» **Stored dataset items**
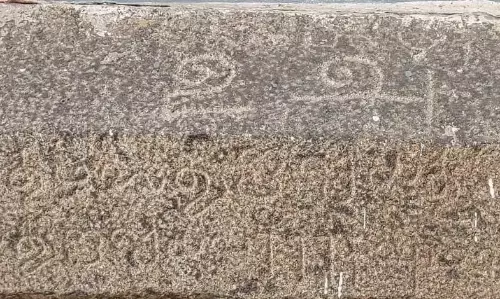 காஞ்சிபுரம் அருகே கல்வெட்டில் தகவல்: 1100 ஆண்டுக்கு முன்பே சொத்து கணக்கு- ஆராய்ச்சியாளர்கள் வியப்பு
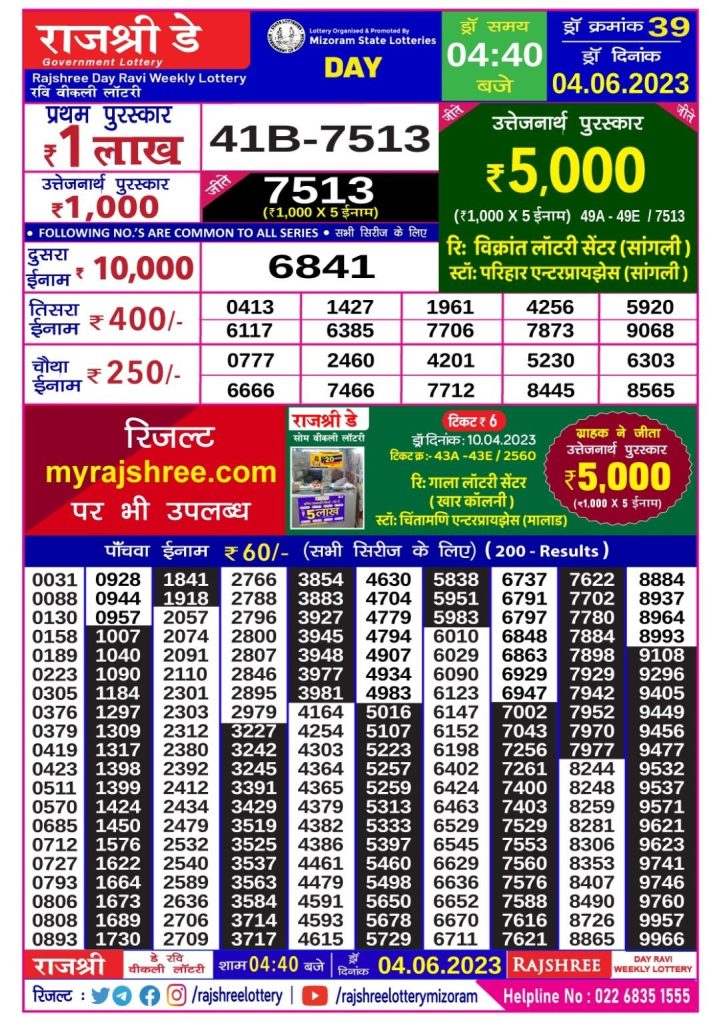 Lottery Result Today June 4, 2023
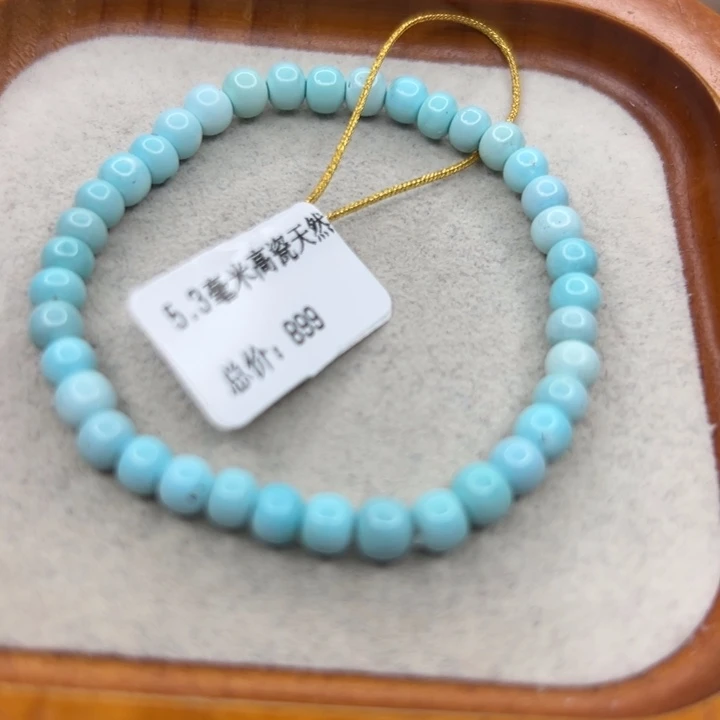 绿松石未镶嵌手链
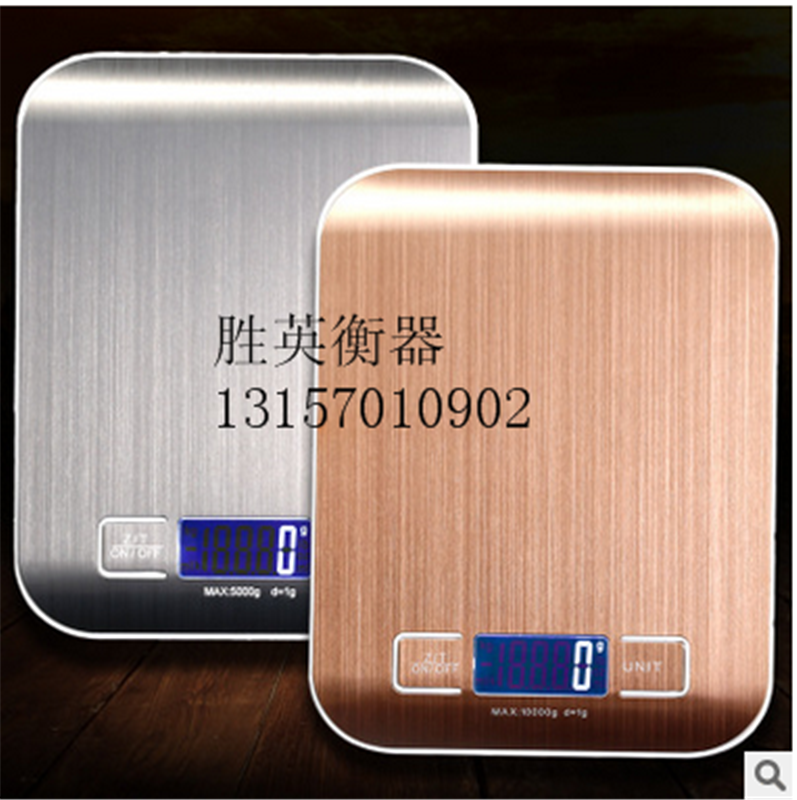 不锈钢厨房秤5kg烘焙称 电子称台秤 厨房电子秤支持定制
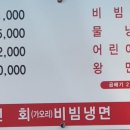 안가면옥오장동함흥냉면 이미지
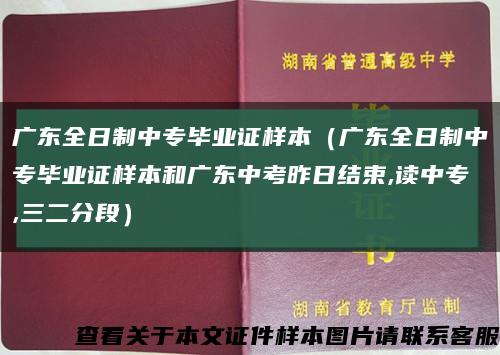 廣東全日制中專畢業證樣本（廣東全日制中專畢業證樣本和廣東中考昨日結束,讀中專,三二分段）縮略圖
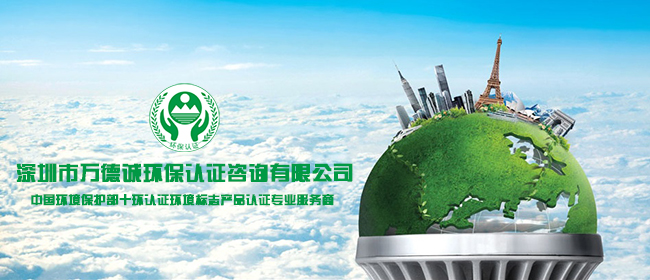 环保认证标准与咨询服务的重要性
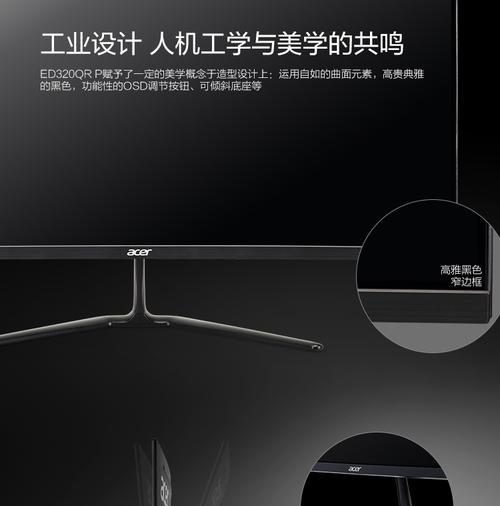 黑色曲面显示器调整方法是什么？如何设置最佳显示效果？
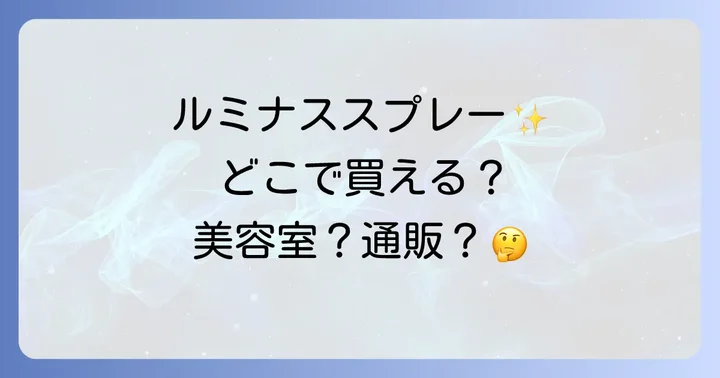 ルミナススプレーを確実に手に入れる!おすすめの購入方法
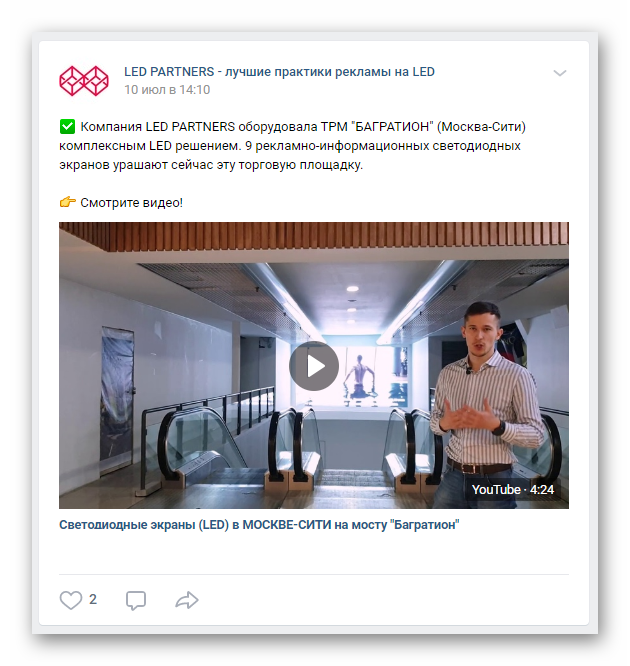 Вопреки кризису: завоевать интерес клиента с помощью блога. Кейс b2b-индустрии, где все сократилось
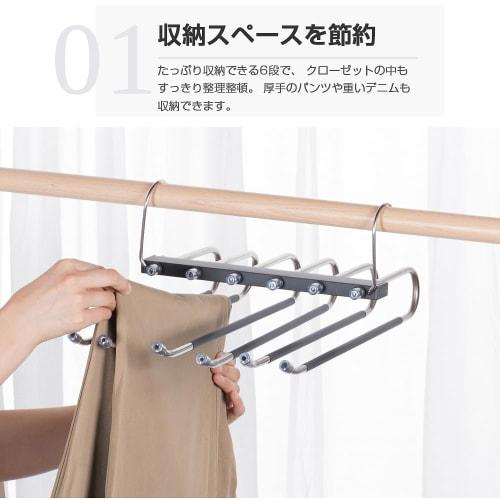 Hachibanya Pants Hanger Set of 2, Slacks Hanger, Pants Hanger, Storage, Space-Saving, Multi-Functional, Non-Slip, Non-Marking, 6-Row, Stainless Steel,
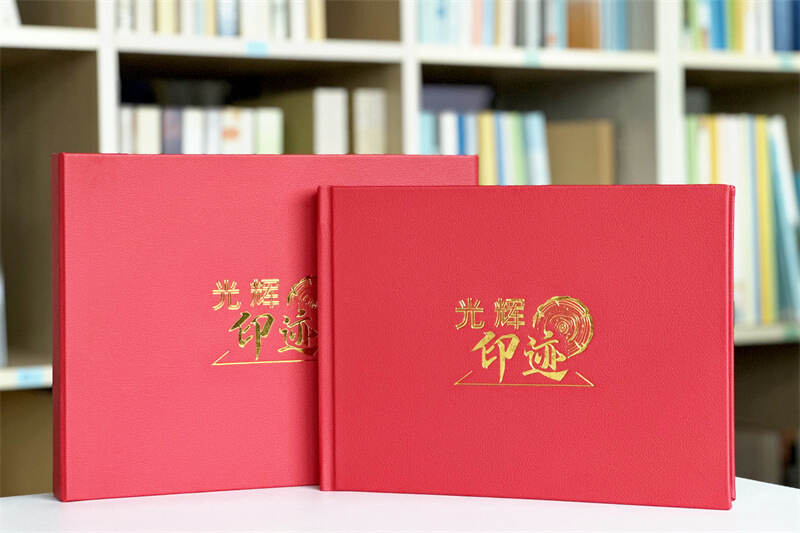 领导工作记录纪念相册设计制作-打造高端红皮烫金纪念相册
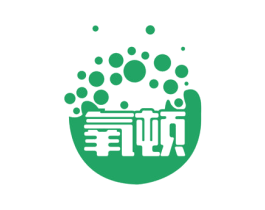 氧顿 第30类小食配料商标图样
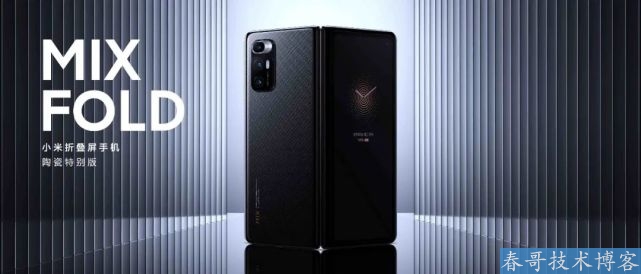 春哥带你一起看看小米春季新品发布会都带来了什么？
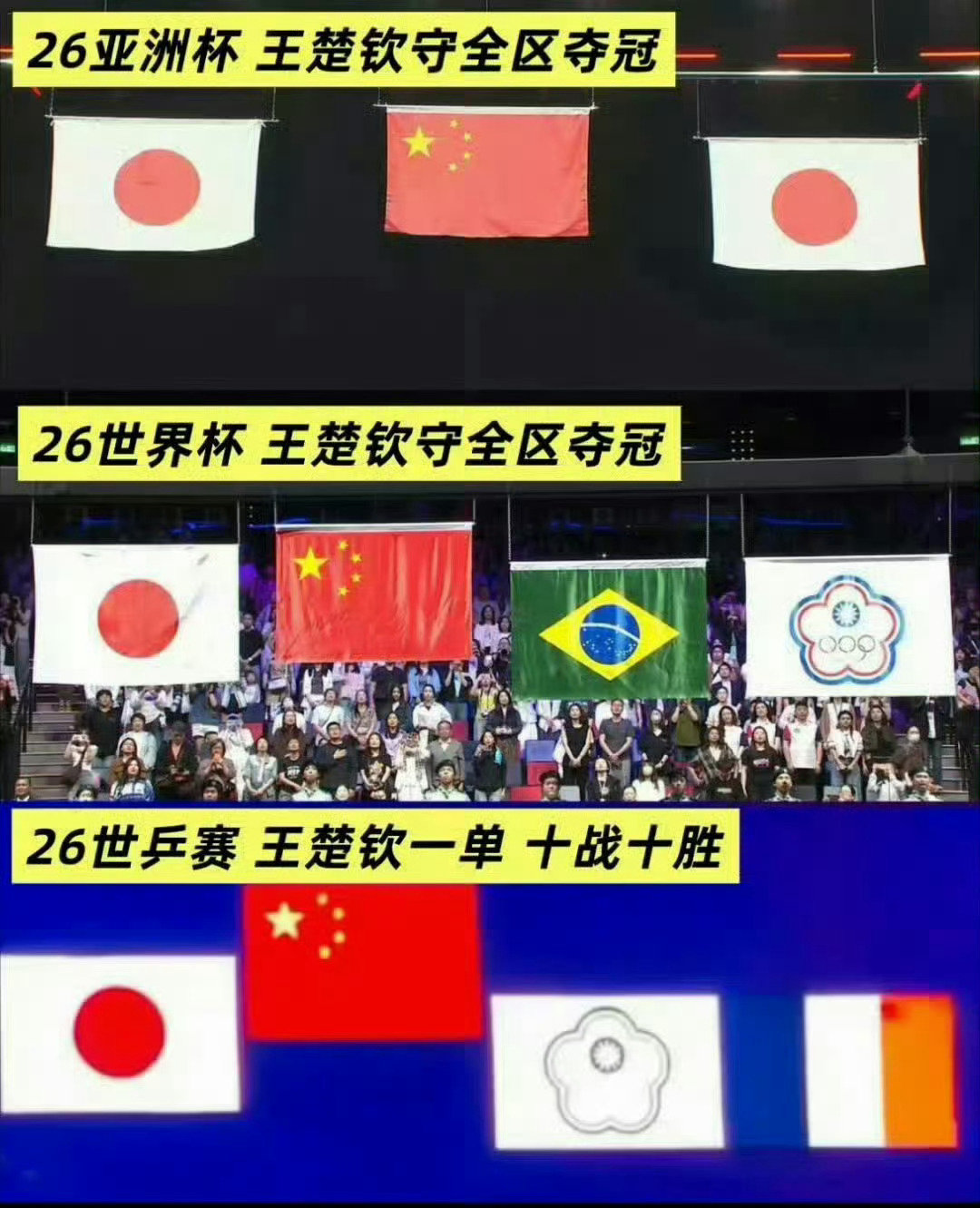 #张本智和说日本夺冠概率比中国高#918的日子让一个拜鬼社的🇯🇵运动员上rs，词条里居然还有跟着鼓吹他贬低中国运动员的，现在的网络环境平台的责任大于一切，是中国人的请记住：勿忘国耻！吾辈自强！ ​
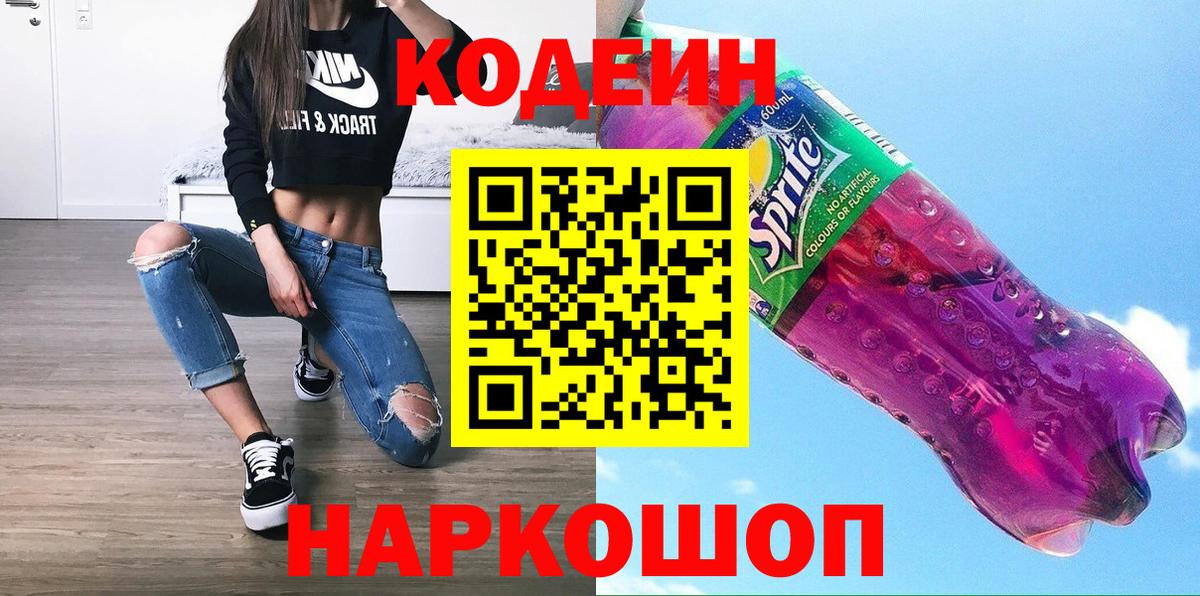 Codein напиток Lean (лин)  Codein Purple Drank  Кохма  Вход с VPN 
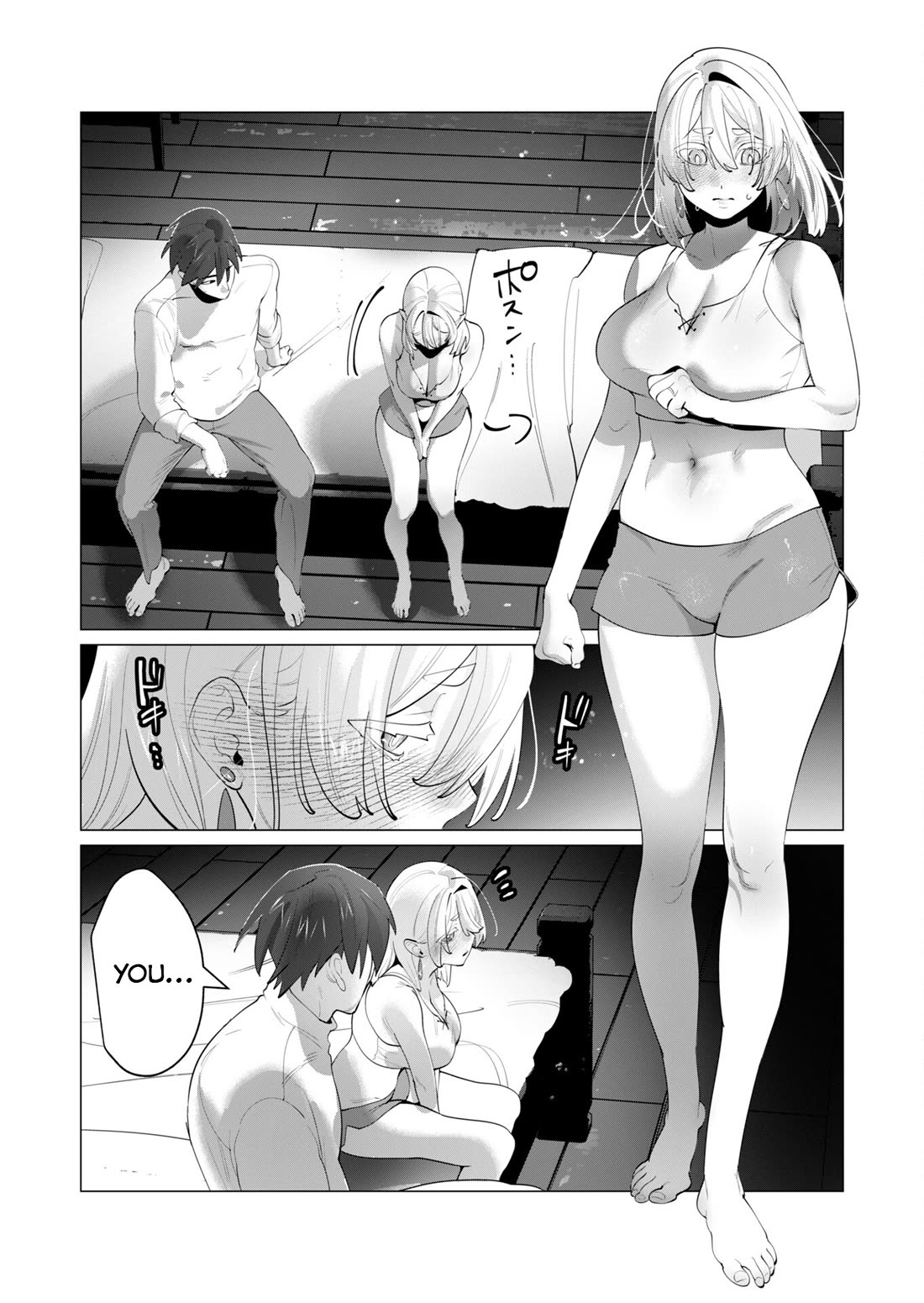 The Hero Wants a Married Woman as a Reward Chapter 28 page 17 - Chapter 28: Anal Sex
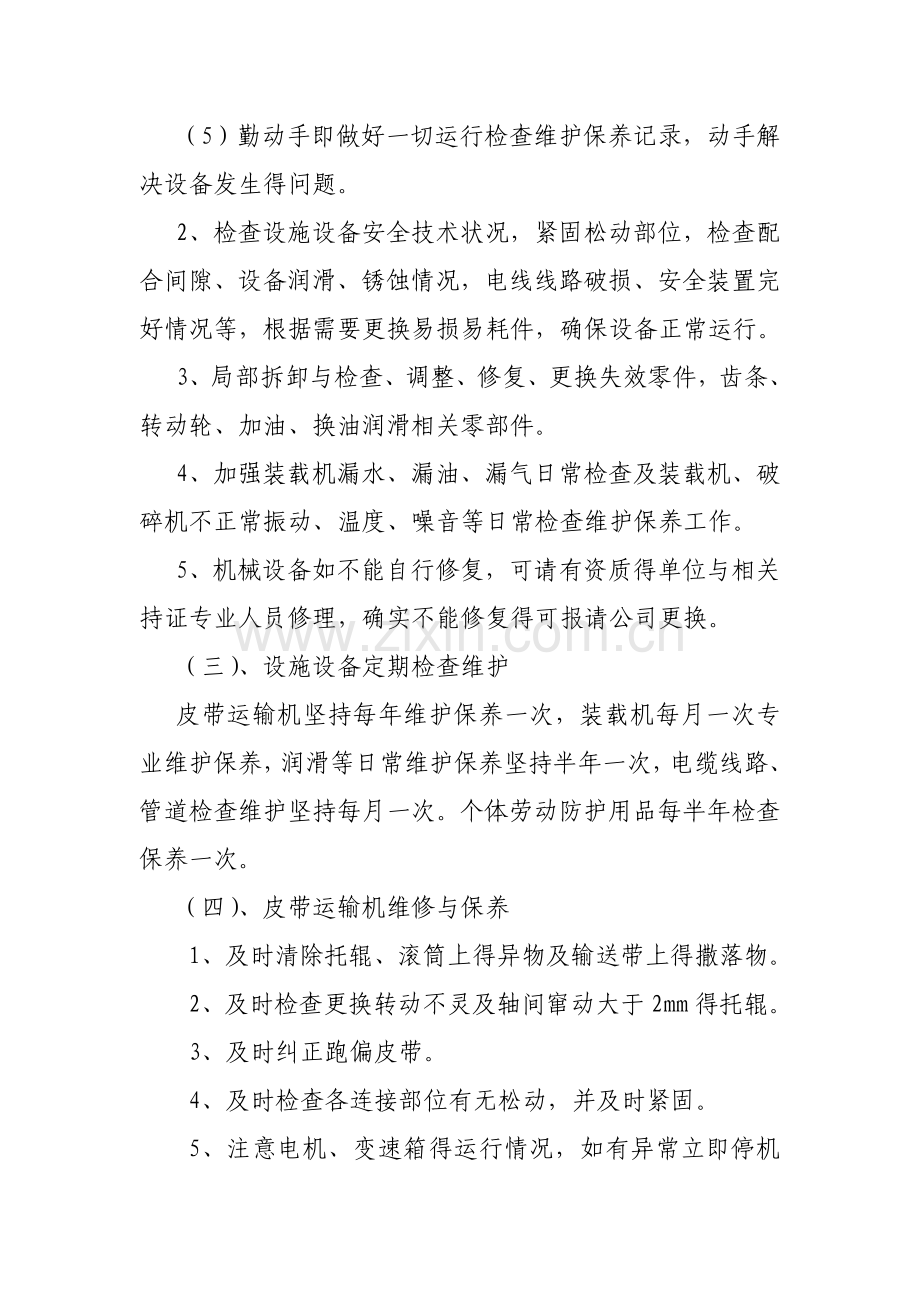 设施设备检维修方案.doc_第3页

» **About this exercise**
Every line above gets copied exactly; none of the pictures do.

» **Your solution**
 காஞ்சிபுரம் அருகே கல்வெட்டில் தகவல்: 1100 ஆண்டுக்கு முன்பே சொத்து கணக்கு- ஆராய்ச்சியாளர்கள் வியப்பு
 Lottery Result Today June 4, 2023
 绿松石未镶嵌手链
 不锈钢厨房秤5kg烘焙称 电子称台秤 厨房电子秤支持定制
 안가면옥오장동함흥냉면 이미지
 廣東全日制中專畢業證樣本（廣東全日制中專畢業證樣本和廣東中考昨日結束,讀中專,三二分段）縮略圖
 环保认证标准与咨询服务的重要性
 黑色曲面显示器调整方法是什么？如何设置最佳显示效果？
 ルミナススプレーを確実に手に入れる!おすすめの購入方法
 Вопреки кризису: завоевать интерес клиента с помощью блога. Кейс b2b-индустрии, где все сократилось
 Hachibanya Pants Hanger Set of 2, Slacks Hanger, Pants Hanger, Storage, Space-Saving, Multi-Functional, Non-Slip, Non-Marking, 6-Row, Stainless Steel,
 领导工作记录纪念相册设计制作-打造高端红皮烫金纪念相册
 氧顿 第30类小食配料商标图样
 春哥带你一起看看小米春季新品发布会都带来了什么？
 #张本智和说日本夺冠概率比中国高#918的日子让一个拜鬼社的🇯🇵运动员上rs，词条里居然还有跟着鼓吹他贬低中国运动员的，现在的网络环境平台的责任大于一切，是中国人的请记住：勿忘国耻！吾辈自强！ ​
 Codein напиток Lean (лин)  Codein Purple Drank  Кохма  Вход с VPN 
 The Hero Wants a Married Woman as a Reward Chapter 28 page 17 - Chapter 28: Anal Sex
 设施设备检维修方案.doc_第3页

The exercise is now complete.